▶ **TASK ITEM**: All pictures must be left out as you transcribe the lines from the first line of the data to the line containing "Suco Del Valle 100% Uva 1L", both included.

Stored records:
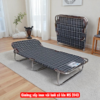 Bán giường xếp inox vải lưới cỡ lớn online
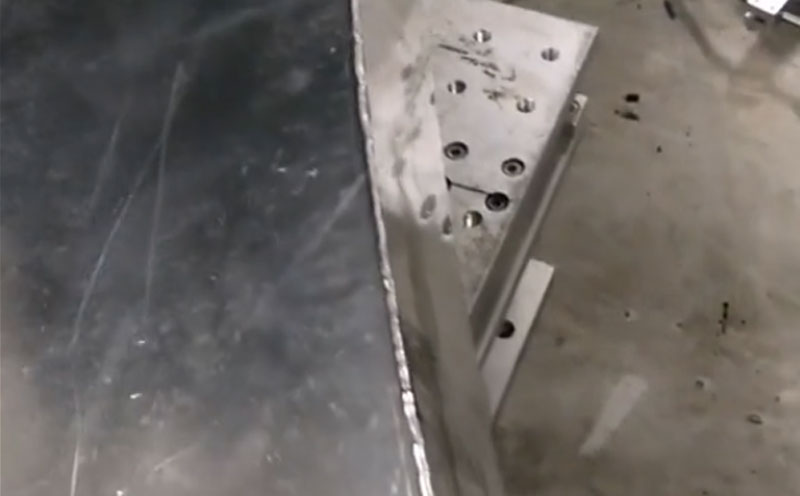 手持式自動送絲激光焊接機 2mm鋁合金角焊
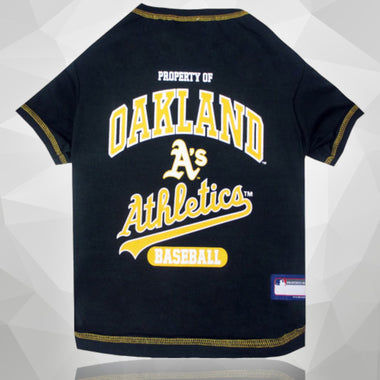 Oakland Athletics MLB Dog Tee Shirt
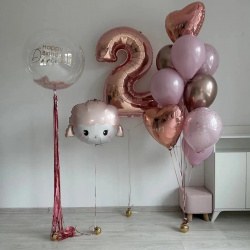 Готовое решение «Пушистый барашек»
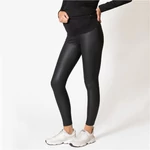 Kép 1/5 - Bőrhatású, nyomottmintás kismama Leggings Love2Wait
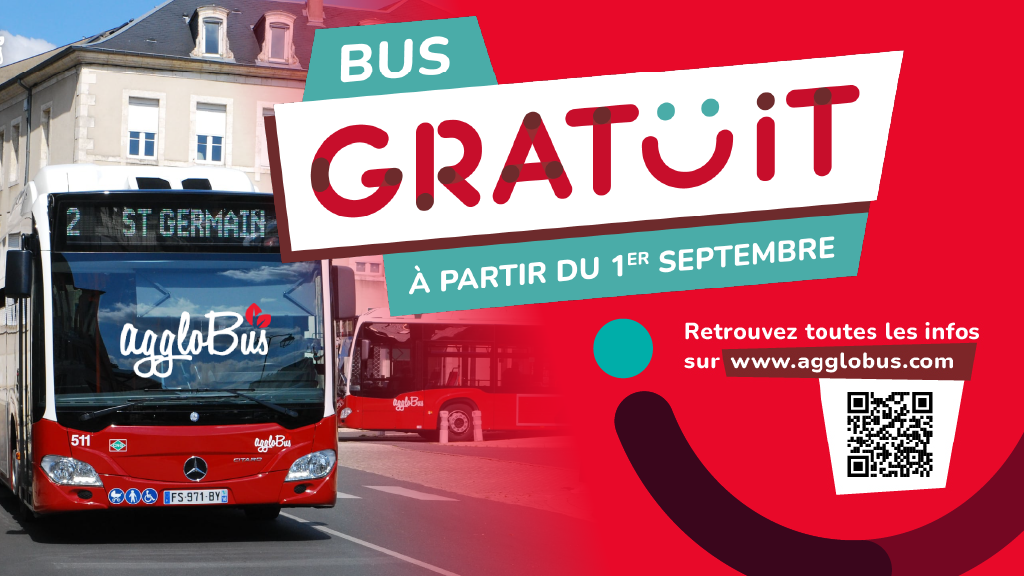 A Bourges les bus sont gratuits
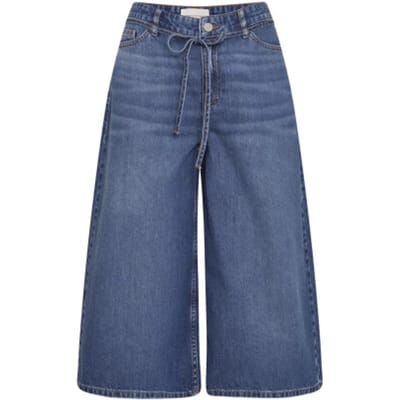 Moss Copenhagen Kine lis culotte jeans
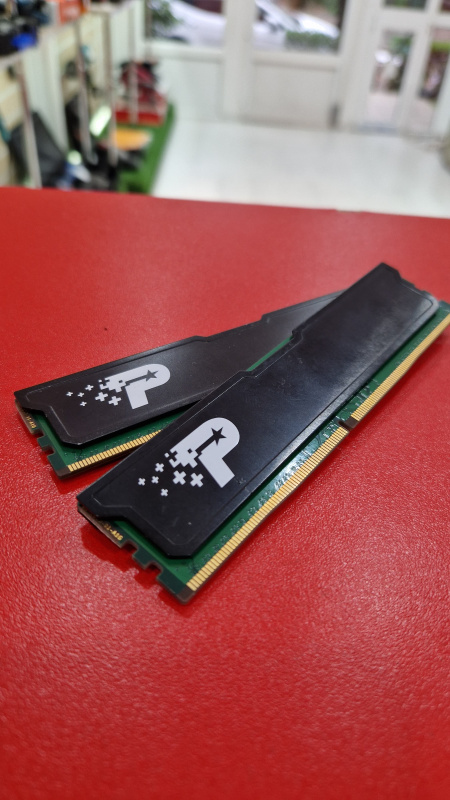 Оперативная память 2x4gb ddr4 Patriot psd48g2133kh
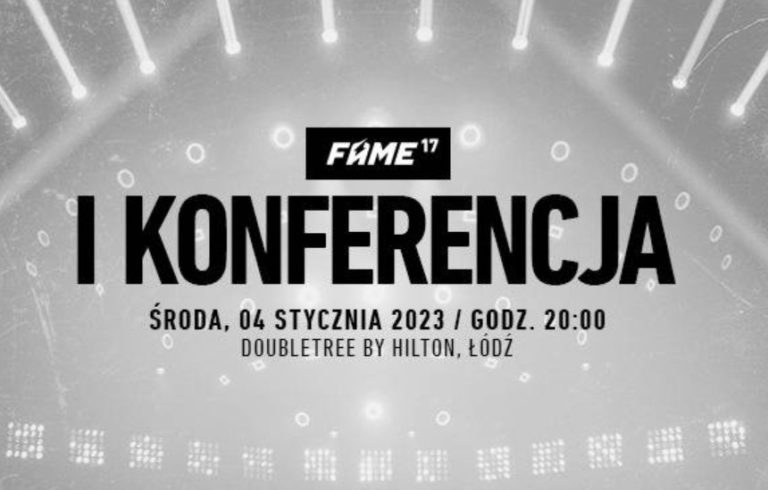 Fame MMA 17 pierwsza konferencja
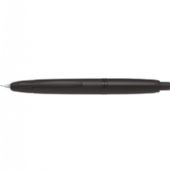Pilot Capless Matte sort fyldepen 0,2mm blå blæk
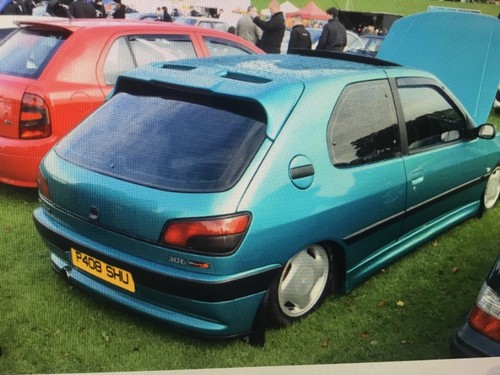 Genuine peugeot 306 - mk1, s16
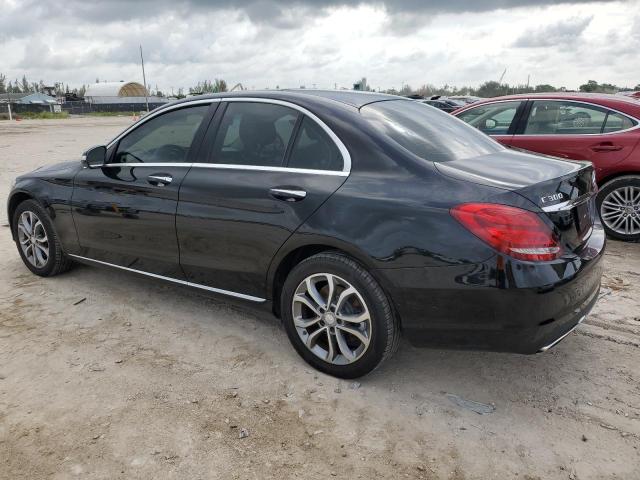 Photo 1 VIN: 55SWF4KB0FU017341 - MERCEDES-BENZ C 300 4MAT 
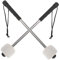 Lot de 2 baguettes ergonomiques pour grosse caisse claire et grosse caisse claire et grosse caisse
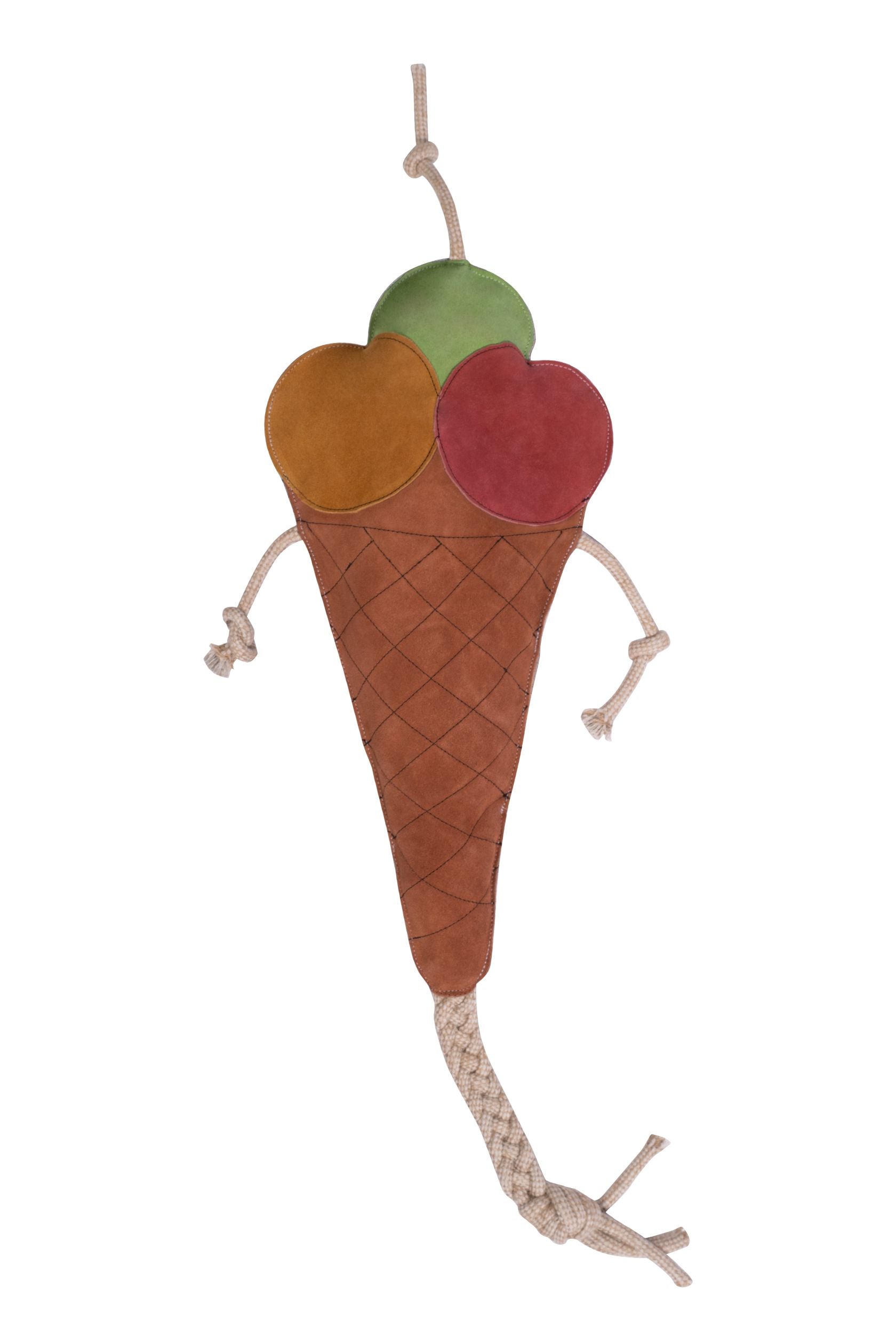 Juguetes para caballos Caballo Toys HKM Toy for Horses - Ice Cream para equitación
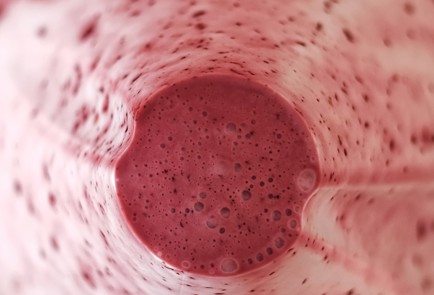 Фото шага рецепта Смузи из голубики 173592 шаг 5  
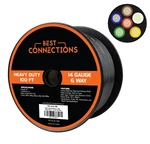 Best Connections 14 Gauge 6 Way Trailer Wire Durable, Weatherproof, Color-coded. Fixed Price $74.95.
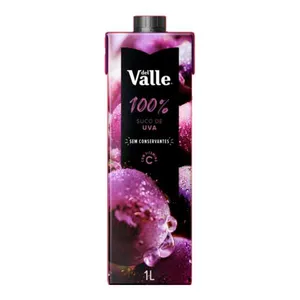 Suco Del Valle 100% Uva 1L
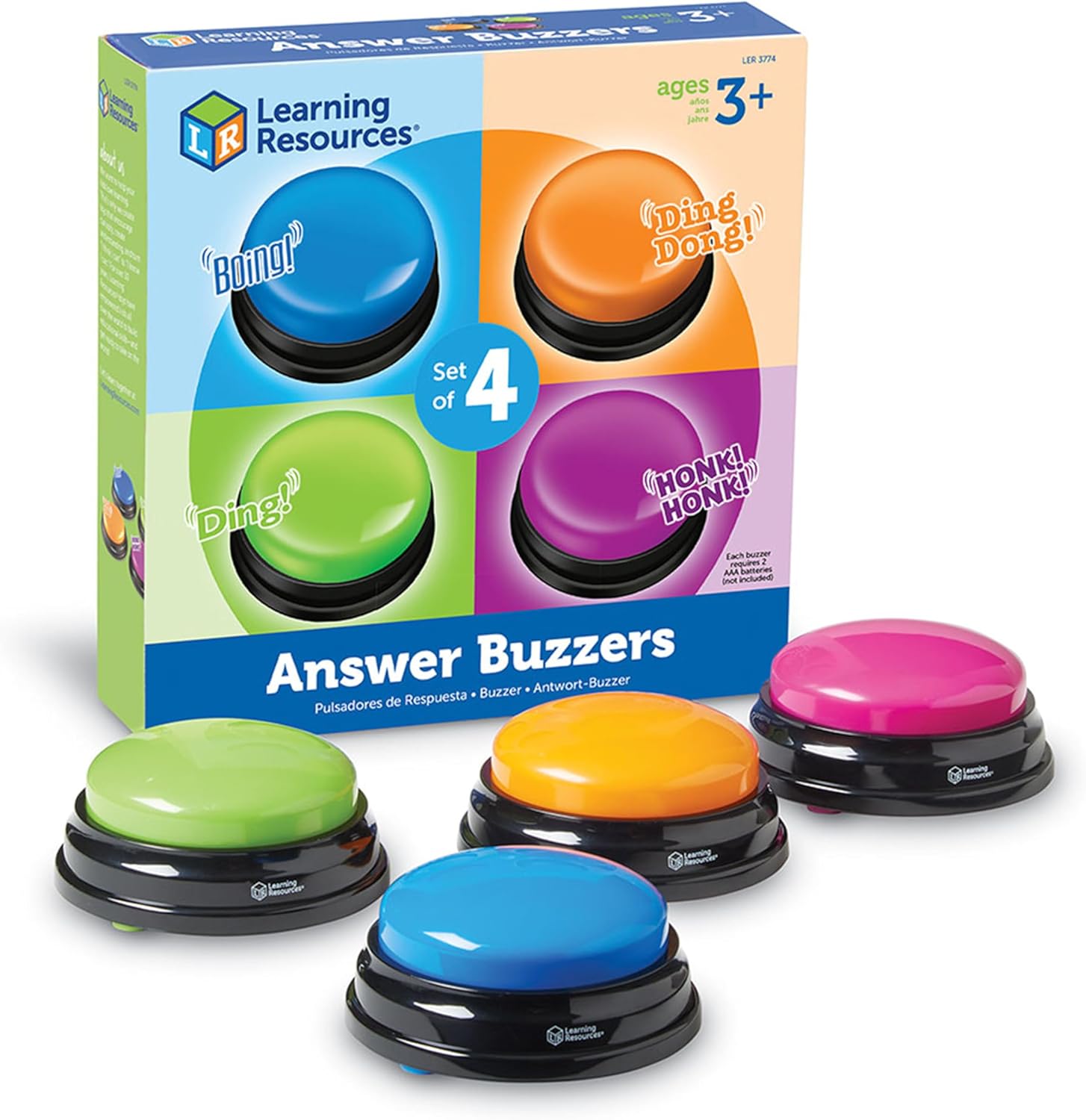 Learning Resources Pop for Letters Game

▶ **EXERCISE OUTPUT**:
 Bán giường xếp inox vải lưới cỡ lớn online
 手持式自動送絲激光焊接機 2mm鋁合金角焊
 Oakland Athletics MLB Dog Tee Shirt
 Готовое решение «Пушистый барашек»
 Kép 1/5 - Bőrhatású, nyomottmintás kismama Leggings Love2Wait
 A Bourges les bus sont gratuits
 Moss Copenhagen Kine lis culotte jeans
 Оперативная память 2x4gb ddr4 Patriot psd48g2133kh
 Fame MMA 17 pierwsza konferencja
Pilot Capless Matte sort fyldepen 0,2mm blå blæk
 Genuine peugeot 306 - mk1, s16
 Photo 1 VIN: 55SWF4KB0FU017341 - MERCEDES-BENZ C 300 4MAT 
 Lot de 2 baguettes ergonomiques pour grosse caisse claire et grosse caisse claire et grosse caisse
 Juguetes para caballos Caballo Toys HKM Toy for Horses - Ice Cream para equitación
 Фото шага рецепта Смузи из голубики 173592 шаг 5  
 Best Connections 14 Gauge 6 Way Trailer Wire Durable, Weatherproof, Color-coded. Fixed Price $74.95.
 Suco Del Valle 100% Uva 1L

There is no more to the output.